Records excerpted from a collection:
[Start of Attachment]
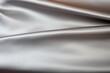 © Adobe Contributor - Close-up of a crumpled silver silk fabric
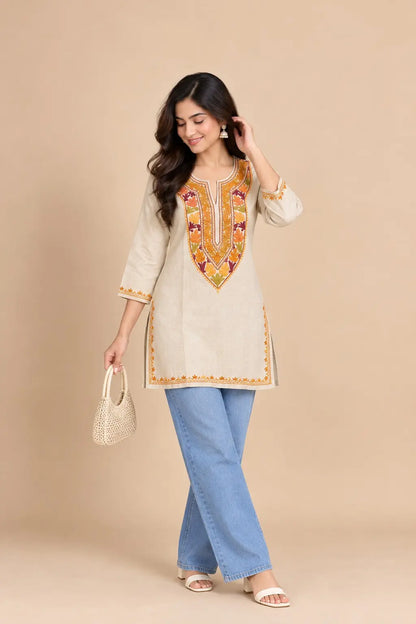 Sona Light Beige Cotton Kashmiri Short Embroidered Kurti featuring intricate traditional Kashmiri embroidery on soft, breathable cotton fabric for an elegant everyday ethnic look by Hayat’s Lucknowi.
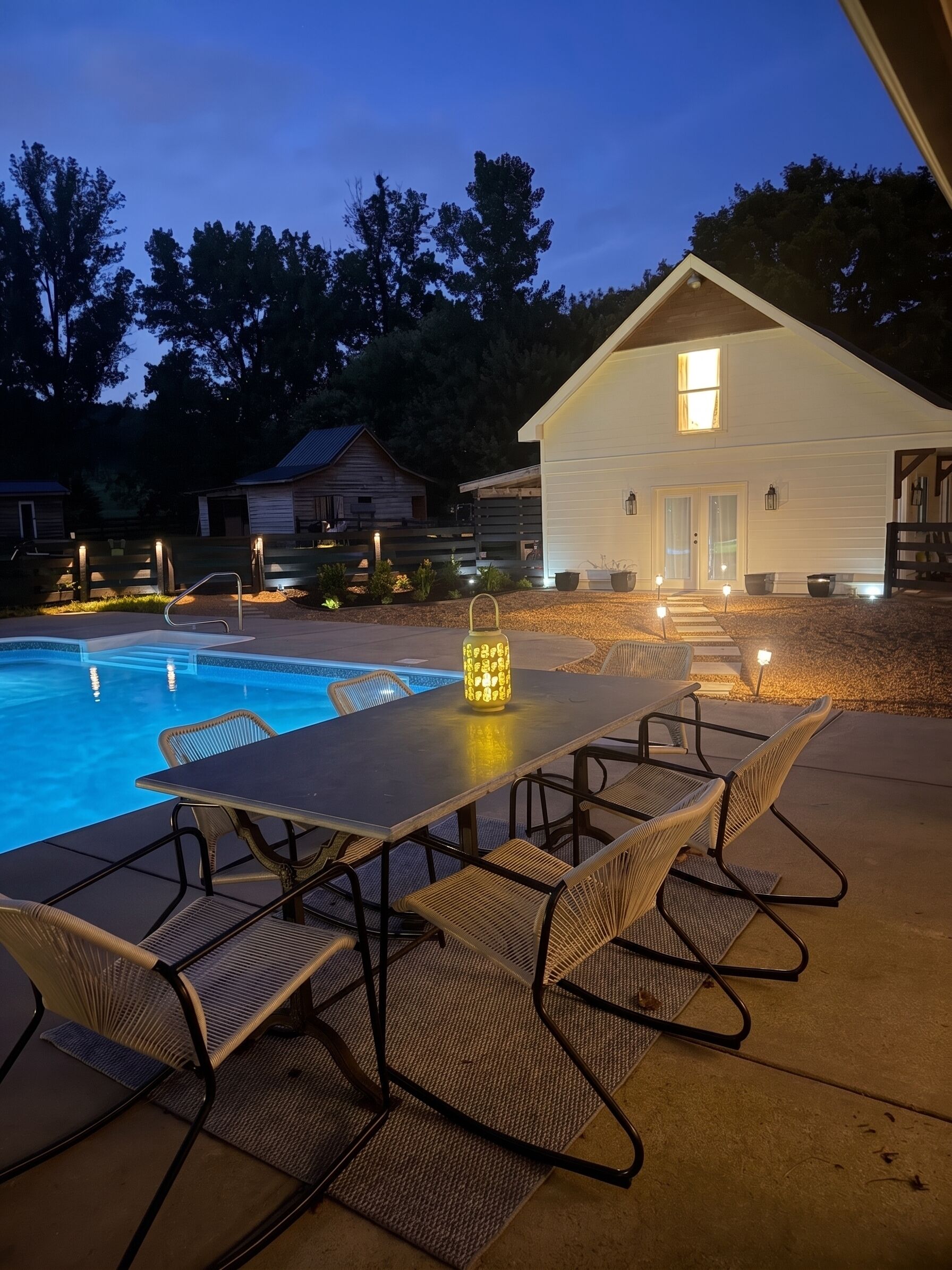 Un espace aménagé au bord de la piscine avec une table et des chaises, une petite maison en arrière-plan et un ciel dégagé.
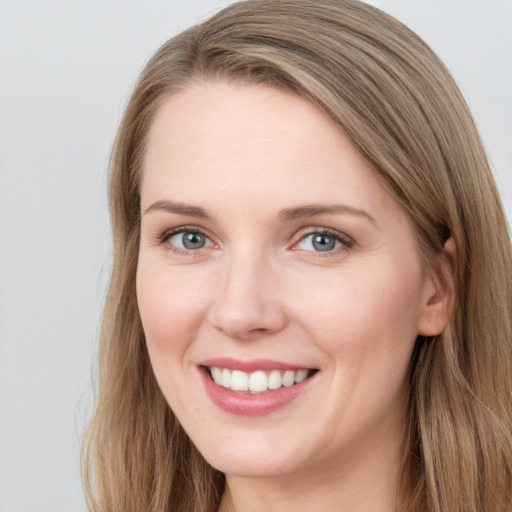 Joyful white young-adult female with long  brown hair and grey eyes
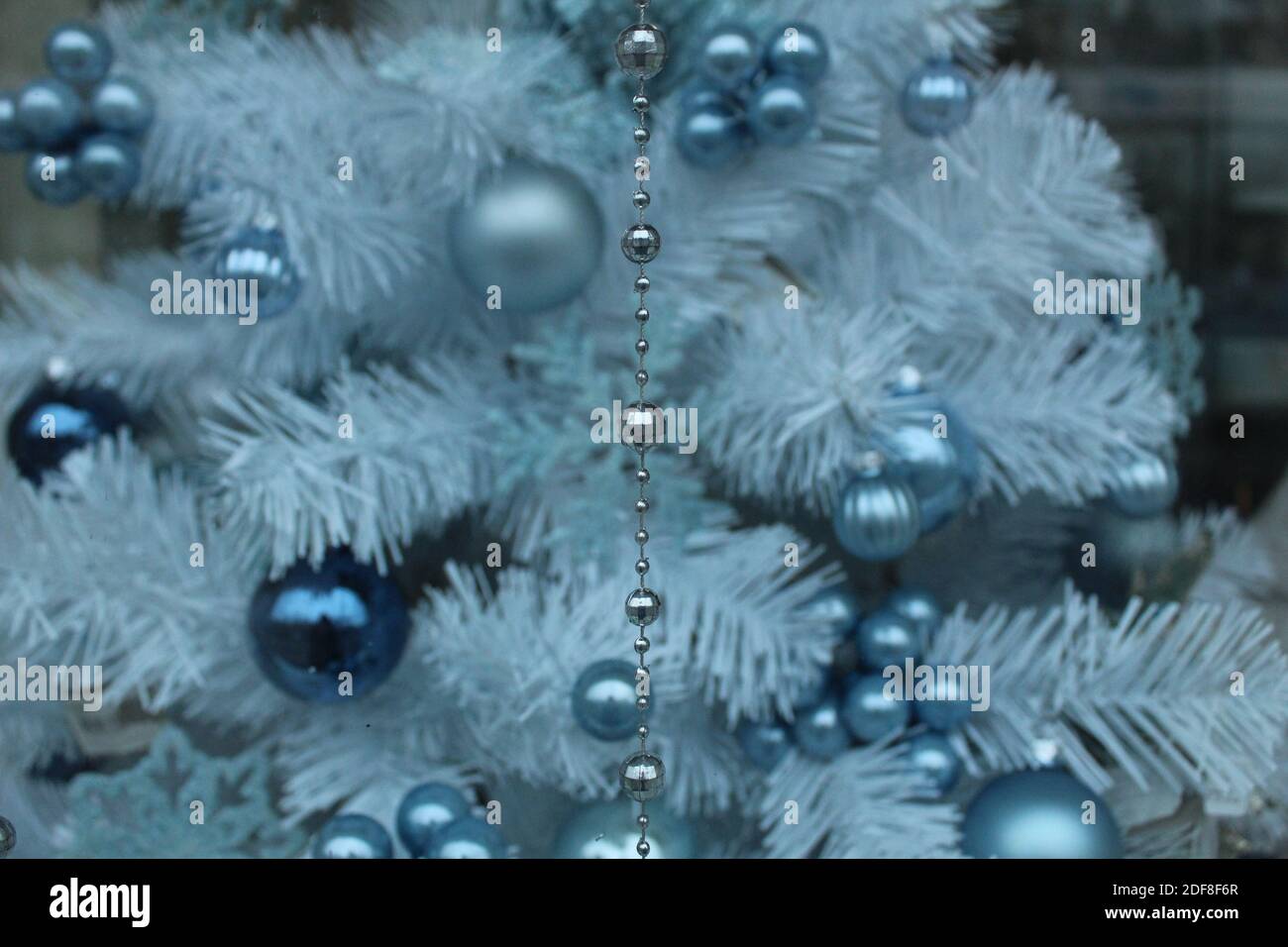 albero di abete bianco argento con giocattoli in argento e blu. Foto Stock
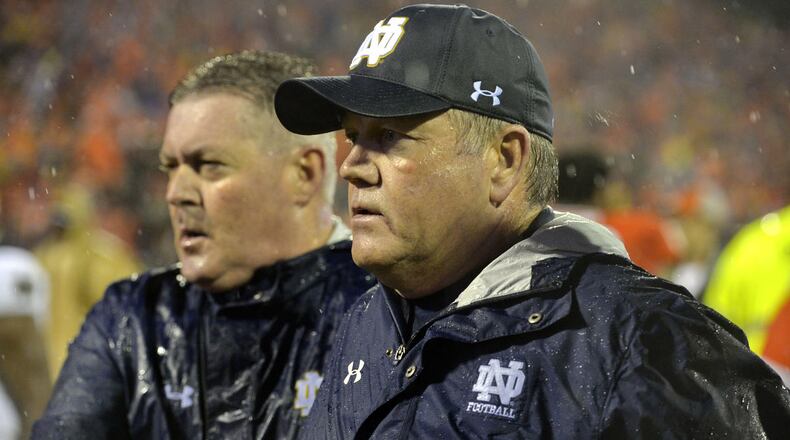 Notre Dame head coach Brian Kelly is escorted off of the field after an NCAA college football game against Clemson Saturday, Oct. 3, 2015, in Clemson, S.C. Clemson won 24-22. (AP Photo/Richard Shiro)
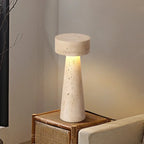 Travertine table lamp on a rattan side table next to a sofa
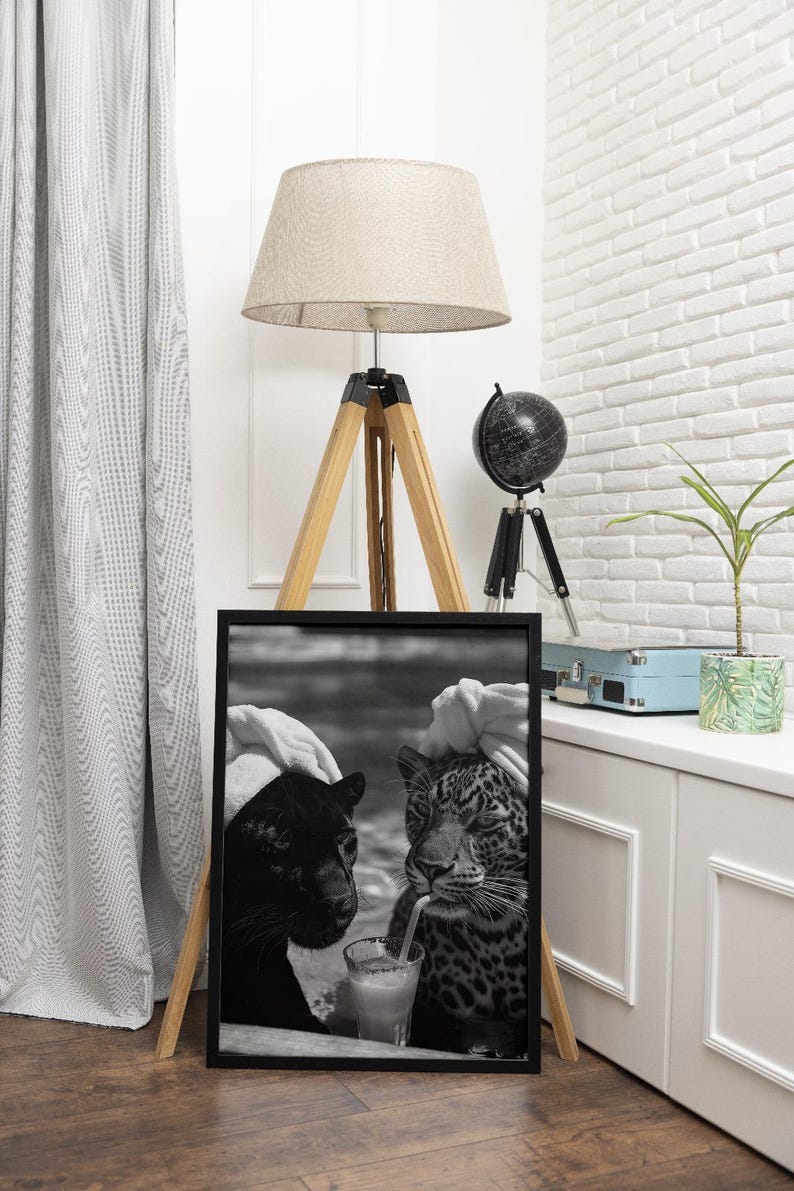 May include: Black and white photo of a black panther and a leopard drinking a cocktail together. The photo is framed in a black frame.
[End of Attachment]
Exercise description
Excluding the pictures, retype the line containing "albero di abete" and all lines after it down to the end of the data above.

Exercise output
 albero di abete bianco argento con giocattoli in argento e blu. Foto Stock
 Notre Dame head coach Brian Kelly is escorted off of the field after an NCAA college football game against Clemson Saturday, Oct. 3, 2015, in Clemson, S.C. Clemson won 24-22. (AP Photo/Richard Shiro)
 Travertine table lamp on a rattan side table next to a sofa
 May include: Black and white photo of a black panther and a leopard drinking a cocktail together. The photo is framed in a black frame.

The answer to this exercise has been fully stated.